We're heading into spring 2023 in the DC real estate market, and everyone wants to know what to expect. Here's our take:
Rates, Inflation & Recession, Oh My!
2023 got off to a rocky start with uninspiring reports from the foreboding comments from Fed Chair Powell on March 7th:
“If the totality of the data were to indicate that faster tightening is warranted, we would be prepared to increase the pace of rate hikes.”
Financial market reaction was swift and brutal. The major indexes dropped more than 1 percent and the two year Treasury note shot up to its highest market since 2007. Nasdaq lost 1.3 percent. Ouch.
The CME FedWatch put a 61+% probability on the Fed raising rates by 50 basis points at the next FOMC meeting on March 22nd. But that didn't happen. Why?

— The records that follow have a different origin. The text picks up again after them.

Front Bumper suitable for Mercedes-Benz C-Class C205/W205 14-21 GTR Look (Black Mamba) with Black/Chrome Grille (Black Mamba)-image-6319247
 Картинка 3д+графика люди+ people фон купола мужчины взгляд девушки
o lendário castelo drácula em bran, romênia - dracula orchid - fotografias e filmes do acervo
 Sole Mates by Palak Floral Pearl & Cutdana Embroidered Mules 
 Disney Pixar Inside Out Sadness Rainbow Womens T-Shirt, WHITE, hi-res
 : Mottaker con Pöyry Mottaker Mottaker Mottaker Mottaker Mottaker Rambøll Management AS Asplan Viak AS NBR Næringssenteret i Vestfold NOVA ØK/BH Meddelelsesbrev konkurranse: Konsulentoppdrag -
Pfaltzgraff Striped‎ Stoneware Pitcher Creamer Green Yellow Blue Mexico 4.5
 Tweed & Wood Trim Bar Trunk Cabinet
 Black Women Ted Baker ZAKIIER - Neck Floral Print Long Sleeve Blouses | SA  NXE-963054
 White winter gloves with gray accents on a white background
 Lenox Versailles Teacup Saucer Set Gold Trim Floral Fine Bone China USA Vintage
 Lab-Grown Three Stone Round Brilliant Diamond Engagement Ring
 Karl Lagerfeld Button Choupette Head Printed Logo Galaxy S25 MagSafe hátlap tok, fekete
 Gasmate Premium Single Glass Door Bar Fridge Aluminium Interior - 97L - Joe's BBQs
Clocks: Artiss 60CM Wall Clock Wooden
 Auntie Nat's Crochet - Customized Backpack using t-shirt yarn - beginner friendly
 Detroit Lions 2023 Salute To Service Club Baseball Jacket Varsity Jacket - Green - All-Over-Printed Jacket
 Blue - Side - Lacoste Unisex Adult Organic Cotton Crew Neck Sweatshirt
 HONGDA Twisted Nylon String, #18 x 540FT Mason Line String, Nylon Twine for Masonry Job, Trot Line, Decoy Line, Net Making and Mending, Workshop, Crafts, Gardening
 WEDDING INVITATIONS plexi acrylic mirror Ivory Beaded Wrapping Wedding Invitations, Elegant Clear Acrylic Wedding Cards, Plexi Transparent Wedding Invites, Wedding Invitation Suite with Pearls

Bank failures. SVB and Signature, closely followed by Credit Suisse and First Republic scares. Powell seemed shaken.
Institutional outlooks and analyst predictions quickly changed, forecasting stubborn inflation, fewer and smaller rate hikes, and greater possibility of a recession, with its severity ranging from mild to moderate. Stagflation was a concern, so was consumer confidence in America's financial institutions.
The Housing Market
The March 21st Housing Report showed stronger than expected U.S. existing home sales, the largest in over 2.5 years, ending a 12 month-long decline.
- Existing home sales jump 14.5% in February
- Median house price falls 0.2% to $363,000 from year ago
- Supply increases 15.3% year-on-year to 980,000 units
The industry began to think everything was going to be ok after all.
Then the Fed somewhat apologetically raised rates another quarter point. Oy.